# Torture?



## Natik (Mar 9, 2008)

:ihih: :devil: :ihih:
 I dont think so 










AAAHHHHHH !!!


----------



## AlexT (Jan 16, 2009)

are they gravey bones i spy? aw bless what a good trick, can't believe they lasted for the length of two pics! such a cutie x


----------



## noushka05 (Mar 28, 2008)

Great pic!! thats so cruel:lol:


----------



## Guest (Mar 2, 2009)

lol! aw bless what a good boy!!


----------



## Fleur (Jul 19, 2008)

LOL -  - :thumbup:
Great trick - can't believe he lets you do that:thumbup:
Really made me laugh.


----------



## vizzy24 (Aug 31, 2008)

lol great trick, He looks like he is thinking..... if I dont look at them they are not there!!!!


----------



## JANICE199 (Feb 1, 2008)

*Haha Natik fabulous pictures...*


----------



## JSR (Jan 2, 2009)

What a good boy!!!! Fab pictures!


----------



## kate_7590 (Feb 28, 2009)

Oh god how cruel :lol::lol: thts gr8 x


----------



## Rhiannon (Dec 28, 2008)

pmsl!!! gravy bones dont last long enough in our house to do that!!!!!
Im starting to get two little chunkys!!!!!!!:sneaky2:


----------



## jilly40 (Oct 22, 2008)

hehe gr8 picture made me lol x


----------



## Natik (Mar 9, 2008)

AlexT said:


> are they gravey bones i spy? aw bless what a good trick, can't believe they lasted for the length of two pics! such a cutie x


yep...gravy bones 

thanks all for the replies :thumbup:


----------



## mckitty (Jan 11, 2009)

hes not even drooling, what a good boy, are they real bones ?


----------



## 2rob1 (Mar 4, 2009)

haha thats a well mannered dog you have.

stick them inbetween the toes of my dogs and they'll eat there own feet off for them. :thumbup1:


----------



## chaza80 (Feb 17, 2009)

ha ha made me chuckle, what a good boy??:biggrin:


----------



## Shazach (Dec 18, 2008)

Lol, what a good boy!


----------



## Guest (Mar 4, 2009)

lol, great pics....beautiful dog.


----------



## Natik (Mar 9, 2008)

I have to try the same with maya but i have my doubts she will last for as long as cobi did lol 
Thanks for the comments :thumbup:



mckitty said:


> hes not even drooling, what a good boy, are they real bones ?

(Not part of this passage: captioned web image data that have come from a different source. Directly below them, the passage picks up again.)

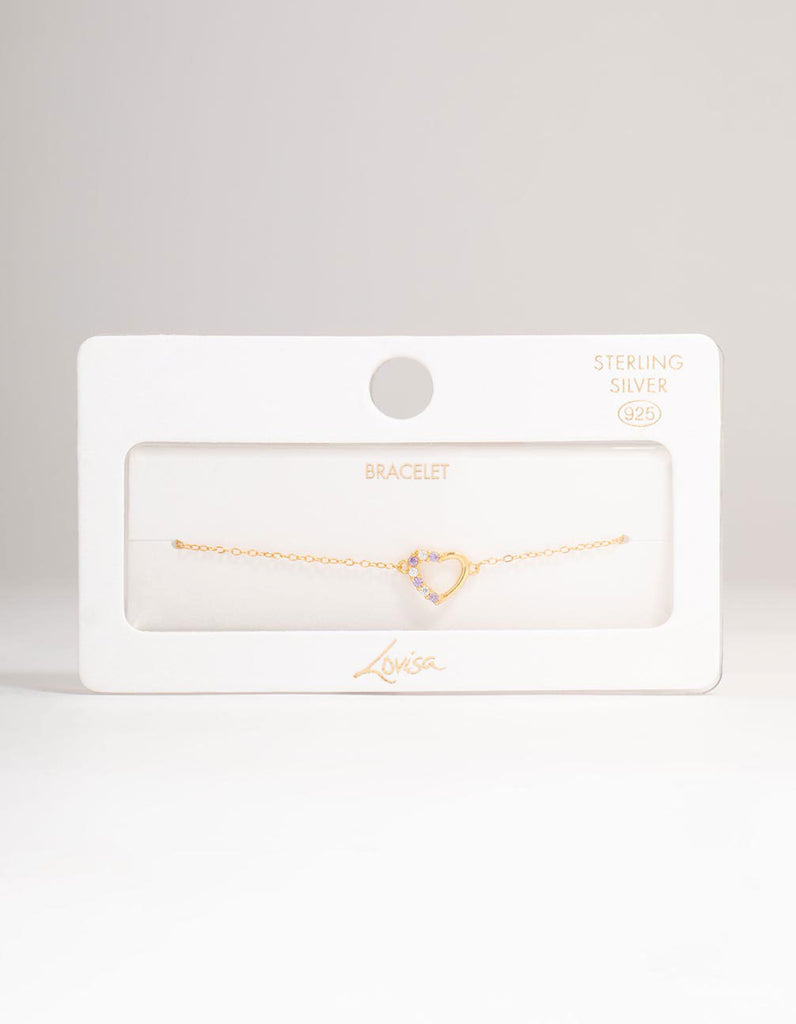 Gold Plated Sterling Silver Cubic Zirconia Heart Bracelet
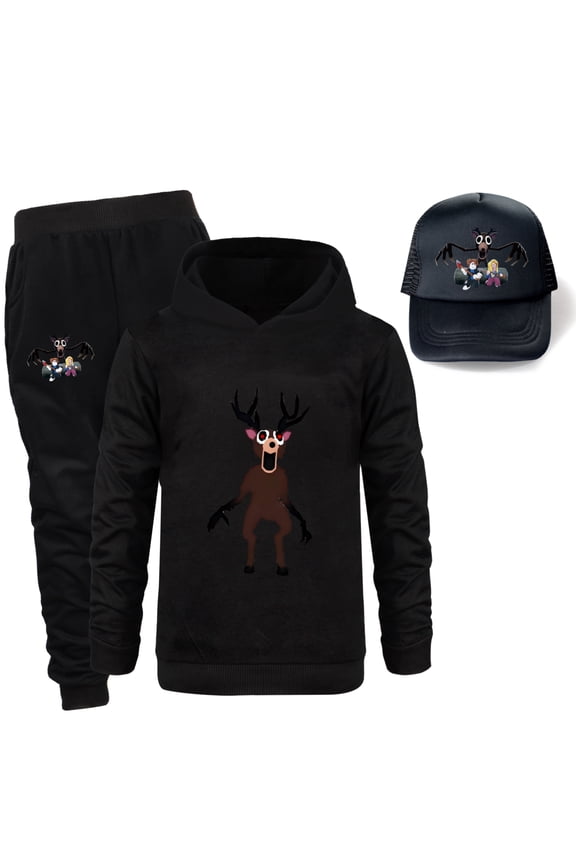 Kids 99 Nights In The Forest Hoodies Trousers and Sunhat 3PCS Set 99 Nights In The Forest Sweatshirts Set for Boys Girls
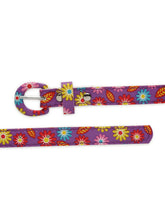 Load image into Gallery viewer, Stol&#39;n Kids Floral Girls Belt with a Printed pin buckle (Formal/Casual) for Jeans/Shorts/Skirts (Suitable for 3 to 4 Years Old) (Size: 80 x 1.5 Cm) (Purple)
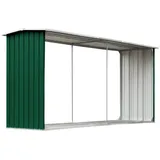 vidaXL Brennholzlager Verzinkter Stahl 330 x 92 x 153 cm Grün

they are the pedigree gravy bones dog biscuits


----------



## Varkhond (Mar 1, 2009)

hahahahahahaah!!!! Great stuff! And incredible handsome dog! :thumbup:


----------



## Pollyanna580 (Mar 4, 2009)

Excellent picture:thumbup::laugh:


----------



## Natik (Mar 9, 2008)

thank u


----------



## Guest (Mar 6, 2009)

He is bootiful natik and so well behaved


----------



## james1 (Sep 21, 2008)

great photos Natik


----------



## Natik (Mar 9, 2008)

thanks  

yes, he can be well behaved but sometimes he is just silly


----------